If there are other beings out there, I almost want to take the optimisitc view, that any race advanced enough to create starships is old enough to have gained maturity about the use of great weapons and imperialism: I think I first heard that from Asimov. The idea is that any race who makes it into space, surviving its period where massive weapons like A-bombs are useful, would be mature and peaceful.

Of course, that doesn't preclude their being peaceful among themselves and not to outside species, especially those they deem inferior.

Then again I think it more likely that the distance between solar systems is sufficiently great to make the idea of direct contact between systems marginal.

dbackdad said...

I'm with smellincoffee. Interstellar travel is a sufficiently complicated and advanced proposition and any species that had developed that far would seem to possess some maturity.

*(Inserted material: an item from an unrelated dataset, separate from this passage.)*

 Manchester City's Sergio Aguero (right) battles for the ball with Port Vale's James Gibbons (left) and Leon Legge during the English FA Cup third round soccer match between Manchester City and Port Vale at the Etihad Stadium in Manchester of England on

But I certainly understand the position that if they were so advanced that we might not even register on their scale of life. Kinda like a microbe compared with a human. And who's to say that life has to be carbon-based?

CyberKitten said...

sc said: I almost want to take the optimisitc view, that any race advanced enough to create starships is old enough to have gained maturity about the use of great weapons and imperialism...

You would hope so - but from our own experience more 'advanced' cultures are not necessarily peaceful cultures.

sc said: Of course, that doesn't preclude their being peaceful among themselves and not to outside species, especially those they deem inferior.

Indeed. They could be internally cohesive but very xenophobic. Especially if they've never had any experience with the idea of the 'alien' before.

sc said: Then again I think it more likely that the distance between solar systems is sufficiently great to make the idea of direct contact between systems marginal.

Agreed. Without FTL travel - if such a thing is even possible - the only way we'd probably meet aliens face to face is if they sent colonising ships/fleets. We're much more likely to meet their probes than to meet *them*.

dbackdad said: Interstellar travel is a sufficiently complicated and advanced proposition and any species that had developed that far would seem to possess some maturity.

I'm not entirely convinced on the advancement = maturity argument. I can see that an agressive species might destroy itself before it manages to leave its home planet but I can also see that internal agression and conflict might prompt a military culture to export its more dangerous elements into interstellar space.... just think of the Vikings.

dbackdad said: And who's to say that life has to be carbon-based?

Very true. I suggest that the first aliens we meet will probably be machines that are, as far as we can tell, alive. It would appear that organic life will probably be carbon based (though that could just be my carbon bias speaking) but I see no reason why life-forms need to be organic in the first place.

VV said...

I can't remember where I read it, but some author once said, that the reason we can't discover life out there in the universe is because they're deliberately being quiet so the predators don't find them. We're not smart enough to keep quiet. We keep sending out those signals and sooner or later, the predators will arrive to eat us.